„Atemlos durch die Nacht“ – Helene Fischer hat offenbar keine Ahnung, was echte Atemlosigkeit bedeutet. Die Atemnot (Dyspnoe), die Menschen mit bestimmten Halswirbelsäulenproblemen erfahren, ist weit entfernt von dem beflügelnden Zustand, den dieser Song beschreibt. Ihr fragt euch, was vielleicht dahintersteckt? Et voilà! Heute lernt ihr einen wahren Maestro eures Körpers kennen: den Phrenikusnerv.


Die Schmutzmatten

Erinnert ihr euch an den Blogbeitrag „Wirre Urlaubstage“, in dem Sauergrete und Bert vorkamen? Glaubt mir, die Schmutzmatten sehe ich heute noch…
Jedenfalls: Damals besuchten meine Familie und ich einen ganz tollen Dinopark (den ich übrigens sehr empfehlen kann) mit lebensgroßen Modellen naher Wackelhalsverwandtschaft – den Triceratopsen natürlich -, toller Geräuschkulisse und vielen Möglichkeiten zum Klettern. Die Kinder freuten sich riesig und selbst mein Mann, der größte Ausflugmuffel, den die Welt je gesehen hat, signalisierte einen Hauch von Lust auf eine kleine Dino-Safari. Doch wie so oft musste mein Genick dazwischengrätschen.

Leck mich!

Schon während der Hinreise hatte mich unbeschreibliche Atemnot überrumpelt, als ob zu keiner Zeit genügend Sauerstoff in meine Lungen gelangen konnte. Ich atmete und atmete, doch der Durst nach Luft wurde immer größer. Ich weiß noch, wie genervt ich war. Und ich weiß, wie ich bei unserer Ankunft auf dem Parkplatz in Gedanken laut „LECK MICH!“ zum Himmel brüllte, da ich weder bereit war, im Auto zu bleiben noch den weltbesten Ausflug mit meinen Wehwehchen zu verunstalten, nur weil das Universum beim Komponieren meiner Lebenslektionen unmotiviert Würfel geschmissen hatte.

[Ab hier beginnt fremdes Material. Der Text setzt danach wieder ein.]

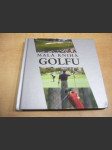 Malá kniha golfu - náhled
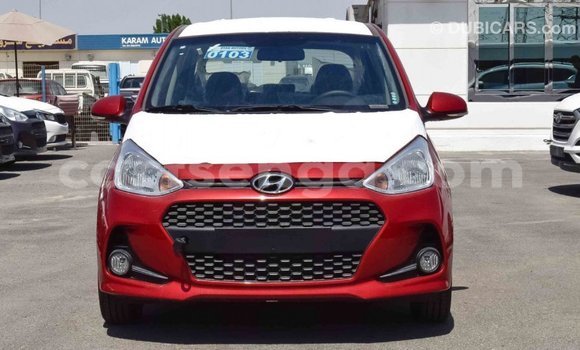 Acheter Import Voiture Hyundai i10 Rouge à Import - Dubai, Hhohho Acheter Import Voiture Hyundai i10 Rouge à Import - Dubai, Hhohho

Abgesehen davon war ich mit diesem abartigen Symptom vertraut. Die Chancen standen fifty-fifty, dass sich mein Zustand innerhalb weniger Stunden bessern würde – oder dass ein tagelanger Schlamassel folgen würde. Na, ratet mal…
Aber immerhin: Ich musste keine zusätzliche Kraft ins Rätselraten stecken. Ich kannte meine Baustellen und wusste daher ganz genau, weshalb ich mich wie ein kaputter Blasebalg fühlte.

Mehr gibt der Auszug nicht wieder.